Lawrence Krauss writes:
Classical human reason, defined in terms of common sense notions following from our own myopic experience of reality is not sufficient to discern the workings of the Universe. If time begins at the big bang, then we will have to re-explore what we mean by causality, just as the fact that electrons can be in two places at the same time doing two different things at the same time as long as we are not measuring them is completely nonsensical, but true, and has required rethinking what we mean by particles. Similar arguments by the way imply that we often need to rethink what we actually mean by 'nothing', from empty space, to the absence of space itself.
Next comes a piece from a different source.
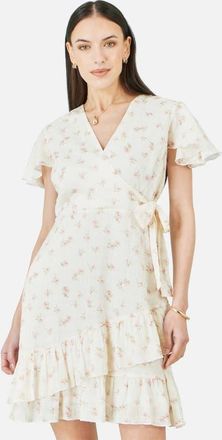 Yumi Rose Print Wrap Over Frill Dress in White at Nordstrom, Size 10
Perhaps this passage that I just dug up answers or helps to answer the question I posed yesterday: How can someone so intelligent spout such nonsense as I quoted Krauss as spouting? Answer: he's a mysterian! We have discussed mysterianism before in these pages in connection with the theologian James Anderson and in connection with the materialist philosopher of mind Colin McGinn. With Krauss (and others of course) we find the mysterian move being made in the precincts of physics. Marvellously manifold are the moves of mysterians!
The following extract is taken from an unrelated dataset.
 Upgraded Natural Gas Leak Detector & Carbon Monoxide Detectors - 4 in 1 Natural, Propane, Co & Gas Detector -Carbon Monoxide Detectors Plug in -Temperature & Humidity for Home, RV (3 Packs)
Yesterday I quoted Krauss as saying, "Not only can something arise from nothing, but most often the laws of physics require that to occur." I commented:
This is just nonsense. Whatever the laws of physics are, they are not nothing. So if the laws of physics require that something arise from nothing, then the laws of physics require that something arise without there being laws of physics. [. . .]
So you've got this situation in which nothing at all exists, and then something comes into existence because the physical laws (which don't exist) "require" it.
This implies an explicit logical contradiction: the laws of physics both do and do not exist. They do exist because they govern the transition from nothing to something. They do not exist because they are included in the nothing from which something arises.
Completely nonsensical (in the sense of being logically contradictory) but true nonetheless!
Now this is either a mysterian position or a dialetheist position. The dialetheist holds that, in reality, there are some true contradictions. The mysterian does not hold this; he holds that there are, in reality, no true contradictions, but some propositions no matter how carefully we consider them appear to us as contradictory, or perhaps must appear to us as contradictory given our irremediable cognitive limitations.
This raises all sorts of interesting questions. Here is one: One task of science is to render the world intelligible to us (understandable by us). But if natural science in one of its branches issues in propositions that are unintelligible (either because they are intrinsically contradictory or such that they appear or even must appear as contradictory to us), then how can one call this science?
Forgive me for being naive, but I would have thought that science, genuine science, cannot contain propositions that are nonsensical! And would it not be more reasonable to take the apparent nonsensicality that crops up in the more far-out branches as a sign that something has gone wrong somewhere?